Though certain trees are in danger of falling and injuring people, they only account for half of the logging to be carried out. According to news outlet Huffington Post, “About 24 square miles of the mountain range will be logged, as well as an additional 28 square miles along roads where trees threaten to fall and hurt people.” This poses a threat to rapidly diminishing bird species like spotted-owls and black-backed woodpeckers that currently thrive in the burnt trees. The damaged forest is not completely unsalvageable, either; reports indicate “new growths” providing shelter to birds in highly affected areas.
Sadly, however, the deforestation could mean pushing certain species to extinction. In response to the scheduled logging, environmentalist Chad Hanson plans to lobby for the enlistment of spotted owls as endangered, saying, “[Logging] is basically an extinction plan for the California spotted owl.”
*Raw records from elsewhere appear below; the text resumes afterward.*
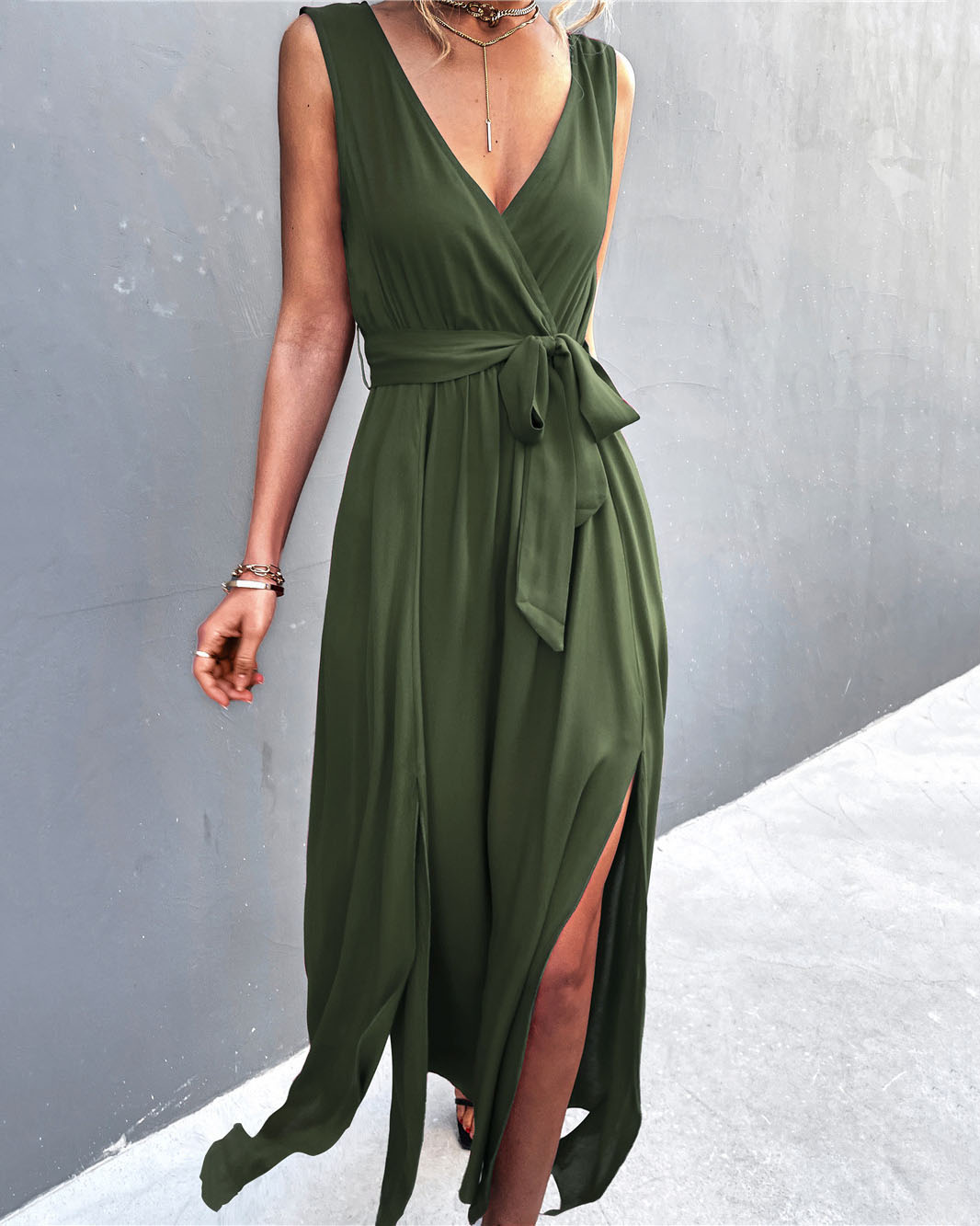 Sexy V-neck cross tie sleeveless slit dress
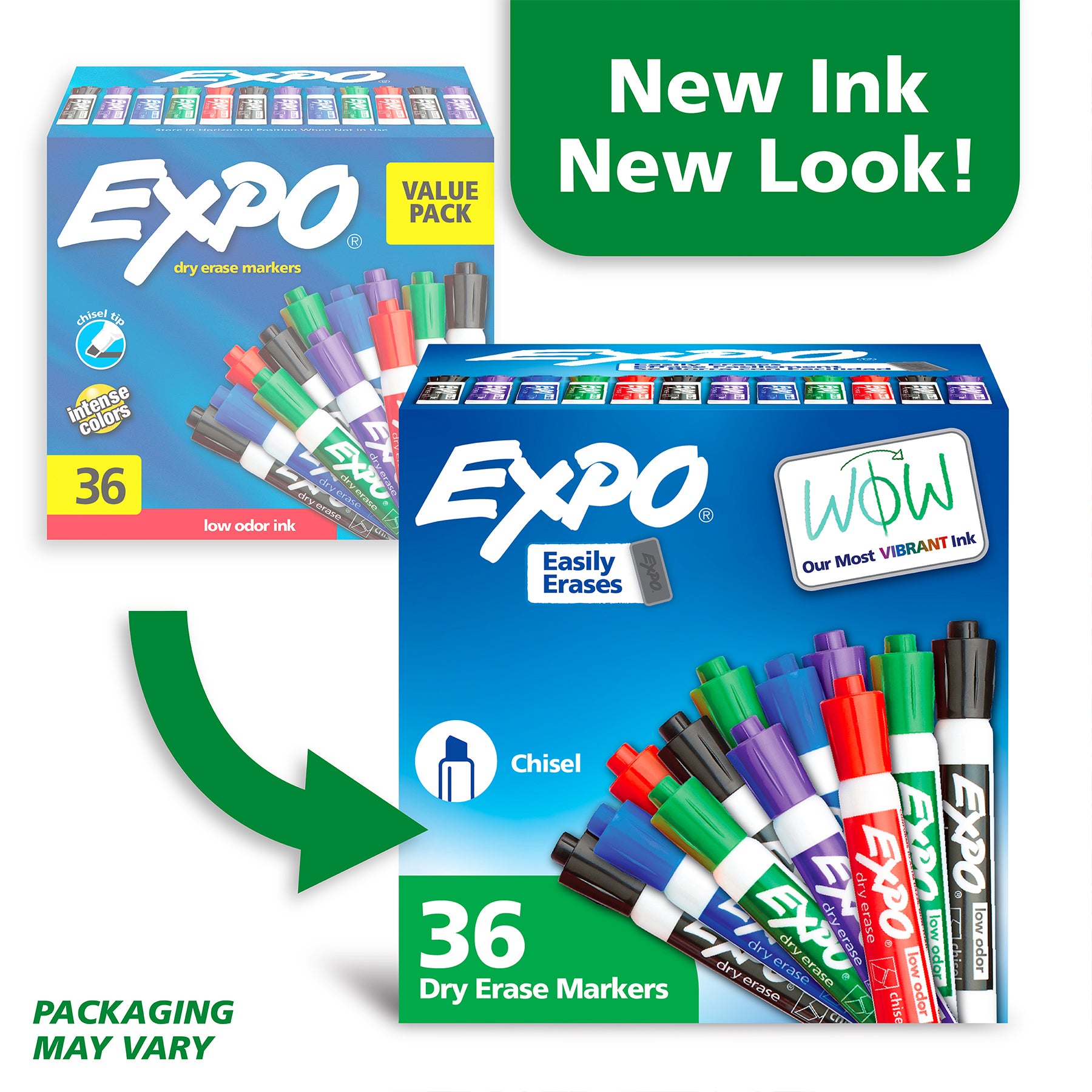 Low Odor Dry Erase Markers, Chisel Tip, Assorted, 36 Count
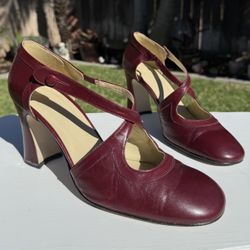Burgundy Leather Block Heels Pumps Women’s Shoes - Made In Spain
Sign the petition below and urge California’s lawmakers to reconsider the U.S. Forest Service’s decision. Urge them to only log trees in danger of injuring others and to leave the inhabited trees alone.
Dear Governor Brown,
The U.S. Forest Service’s decision to log the heavily burnt trees from Stanislaus National Forest could uproot and endanger thousands of birds. I understand that some trees must be removed due to potential falling hazards, but timber employees will also remove 24 square miles of blackened yet inhabited vegetation. The effects will be so pronounced that the California spotted owl will be in danger of extinction following the deforestation.
Both the forest service and timber industry are mistaken for thinking the damaged trees are unsalvageable. New growth has begun to spring forth in highly affected areas, providing sanctuary to diminished species like black-backed woodpeckers. In addition, many birds have taken shelter in the charred foliage and continue to thrive. Though the timber industry has vowed to replant healthy trees, the real damage will have already been done. The potential for endangerment is so serious that some environmentalists plan to petition for the spotted owl to be listed as a threatened species as soon as logging begins.
Given the severe environmental consequences, I urge you to only remove the 28 square miles of trees that pose immediate safety hazards. Please, leave the remaining trees alone and allow the struggling bird species to flourish.